NEW YORK (GenomeWeb) – The relative levels of bacteria from four genera in the gut microbiome may provide clues to infants' risk of developing asthma, new research published online today in Science Translational Medicine suggests.
Researchers from the University of British Columbia and elsewhere used 16S ribosomal RNA gene sequencing to profile gut microbial communities in 319 children enrolled through the Canadian Healthy Infant Longitudinal Development (CHILD) study.
In the almost two-dozen children who appeared to be at elevated asthma risk by their first birthday, the team saw significantly lower levels of Lachnospira, Veillonella, Faecalibacterium, and Rothia bacteria and other signs of dysbiosis during the first few months of life.
The results seem to fit with the so-called hygiene hypothesis, which suggests excessively clean environments can deprive infants of exposure to microbes involved in early immune system development, co-corresponding author Brett Finlay, a microbiology, immunology, biochemistry, and molecular biology researcher at UBC, told GenomeWeb.
Asthma rates have been ratcheting up over the past six or more decades, particularly in westernized countries, he and his colleagues explained. They noted that the chronic inflammatory disease now affects more than 300 million people globally.
"Asthma is really on the rise throughout the world in developed countries," Finlay noted during a telephone press briefing yesterday.
"Ironically, it has not increased in poorer countries or developing countries," he added, noting that past studies point to somewhat higher asthma rates among children born by cesarean section and lower asthma risk in children born vaginally, breastfed children, and children with pets.

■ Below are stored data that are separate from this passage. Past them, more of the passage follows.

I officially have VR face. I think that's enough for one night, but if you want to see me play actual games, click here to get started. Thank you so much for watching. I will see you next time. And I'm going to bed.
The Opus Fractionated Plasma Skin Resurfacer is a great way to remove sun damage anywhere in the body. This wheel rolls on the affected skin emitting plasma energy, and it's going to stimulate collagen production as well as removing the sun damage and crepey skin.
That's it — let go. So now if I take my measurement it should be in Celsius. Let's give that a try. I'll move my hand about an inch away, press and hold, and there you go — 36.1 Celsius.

To search for potential gut microbiome differences in asthma-prone children, he and his colleagues used Illumina HiSeq 2000 and MiSeq instruments to do 16S sequencing on fecal samples collected from 319 infants from the CHILD study after 100 days of life.
By the time infants reached their first birthday, 136 of those children had developed clinical wheeze, 87 tested positive for allergen skin prick test, and 22 children showed both wheeze and a positive allergen skin prick test — features believed to coincide with high risk of asthma later on. The remaining 74 children were classified as unaffected controls.

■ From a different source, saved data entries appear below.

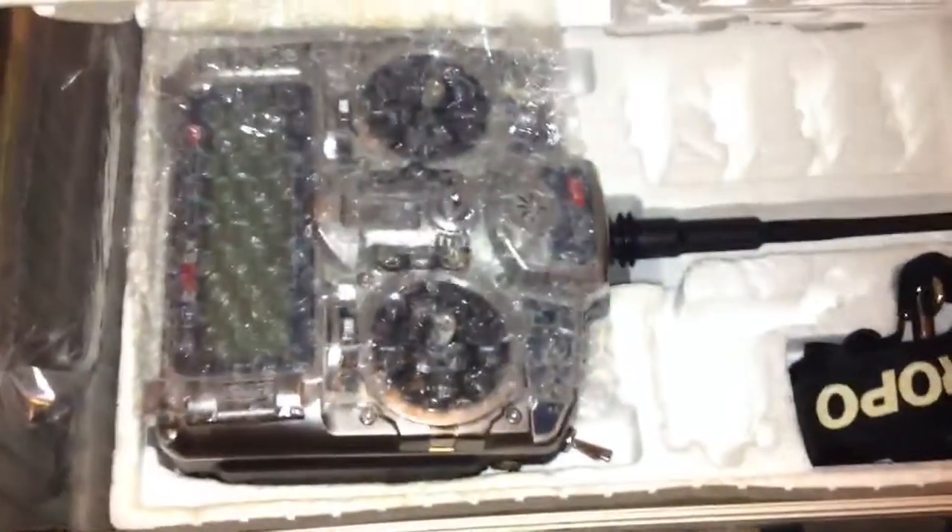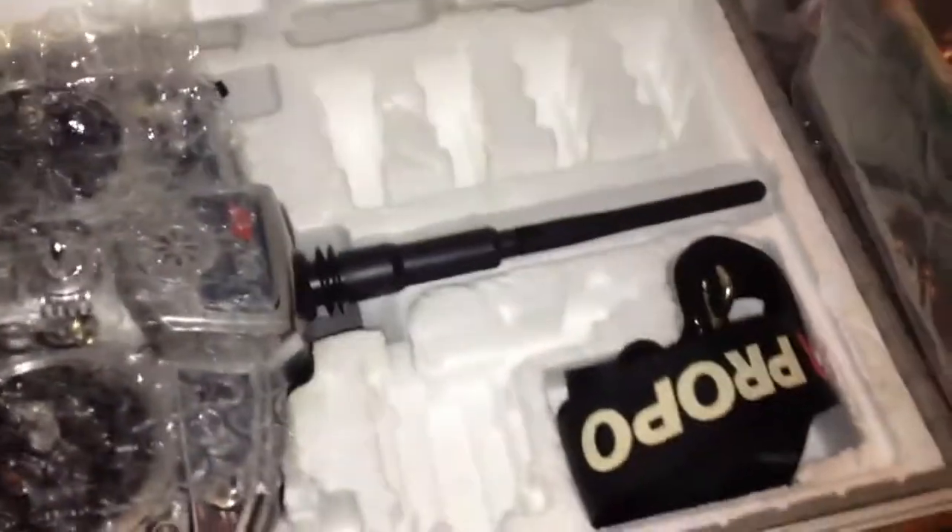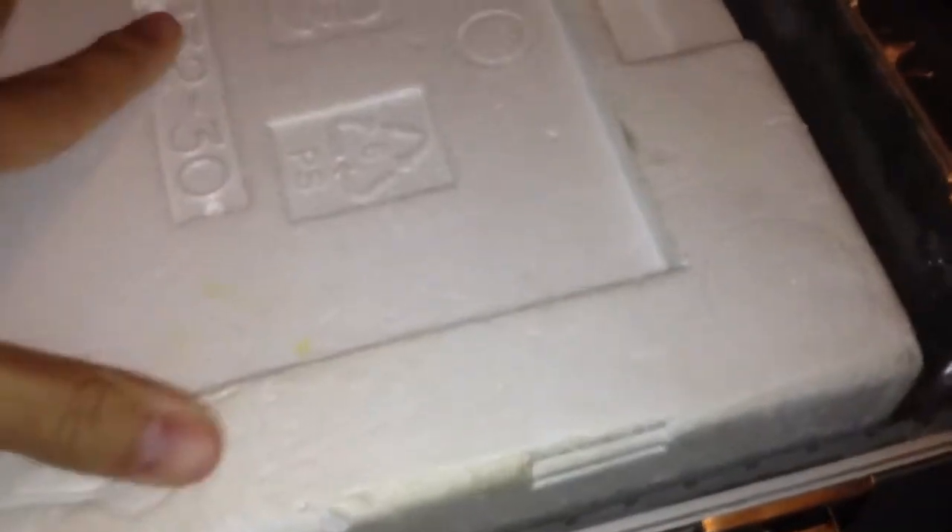Okay, here's the 9503. It's all packed up. Got some bubble wrap here, keeping it safe and sound inside the box, and then got a bunch of little fill air sacks around the perimeter here.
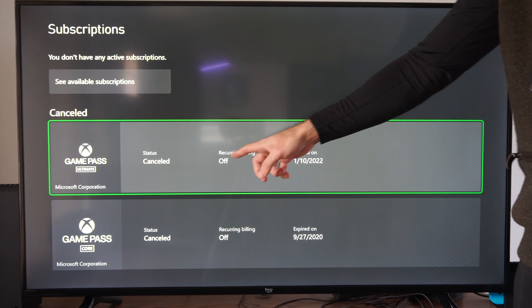So if you don't want your credit card getting charged or something like that, you can check this if you go to Settings, then go down to Account, then go to Subscriptions.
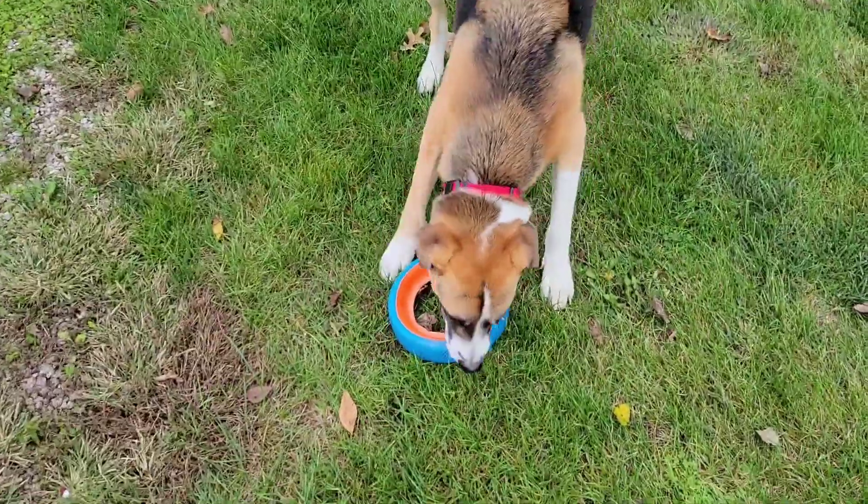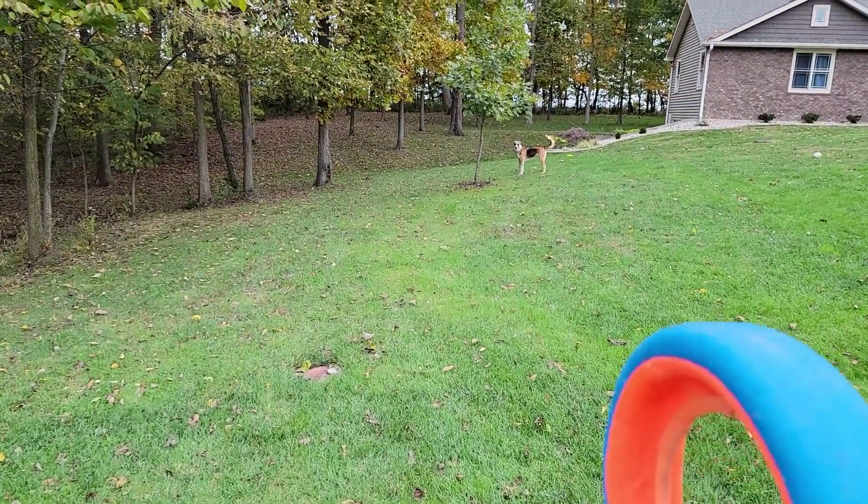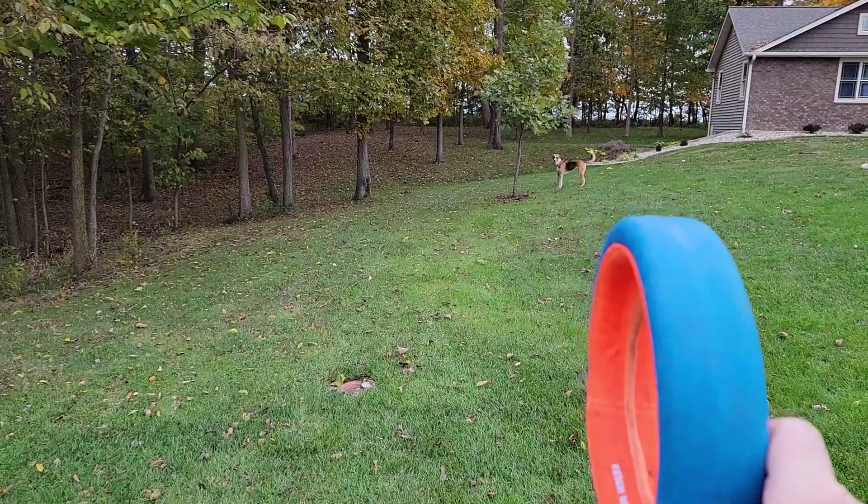The main reason we like it is because it rolls. If you throw it like this, it rolls.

When the researchers compared gut microbial community members in the 22 infants at highest risk of asthma with those in other infants at the three month mark, they saw significantly lower levels of Lachnospira, Veillonella, Faecalibacterium, and Rothia bacteria.
In the asthma-prone infants, the team found few or no reads from these microbes, together dubbed FLVR, while three-month-old infants at lower asthma risk had relatively robust levels of the FLVT bugs in their guts.
In urine samples collected from the three month old infants, meanwhile, the team's metabolomics tests pointed to lower-than-usual levels of a short-chained fatty acid called fecal acetate in the 22 at-risk infants, coupled with unusual patterns for some liver-related metabolites and higher levels of some bacterial metabolites.
By the time children were a year old, the team saw less pronounced differences in Faecalibacterium bacteria levels between children predicted to be at higher or lower asthma risk.
Similarly, gene content differences turned up when the researchers bioinformatically inferred metagenomic patterns from 16S RNA reads generated for the three-month-old infants, but diminished in the samples taken from one-year-old children.
It remains to be seen how the lower-risk infants acquire FLVR and other potentially beneficial microbes during their first few months of life. But follow-up experiments suggested offspring of germ-free mice inoculated with FLVR are also protected against lung inflammation.
The researchers are continuing to follow members of the CHILD cohort, a group that includes more than 3,000 children and their families. So far, children born to pregnant women recruited since 2007 have been tested at three months, one year, three years, and five years.
Clinical data collected when the children were three years old indicated that eight of the 22 at-risk children have already developed asthma, though the team suspects that number may rise with time.
Generally speaking, past work suggests some 77 percent of children with wheezing and positive allergen skin prick tests will develop asthma by the time they reach school, compared with 3 percent of children who test negative on a predictive index for asthma.
To further validate the FLVR findings, the researchers plan to test fecal samples from hundreds more Canadian children from the CHILD study, including all of those who appear to be at high risk of asthma as well as children who developed asthma despite being classified at lower risk.
The team also plans to scrutinize gut microbiome patterns in fecal samples from 93 three-month olds from Ecuador who are part of a longitudinal child cohort being clinically assessed over time to get a look at microbiome patterns in those at higher or lower risk of asthma in other populations.
If the findings hold, Finlay noted that it may eventually be possible to develop a gut microbiome-based test for asthma risk in infants and/or to come up with probiotics that contain microbes from the protective bacterial genera.
Still, the study's authors cautioned that the latter application may take time and will require additional work to investigate the role of each FLVR representative.
The University of British Columbia has applied for a patent related to findings from the study.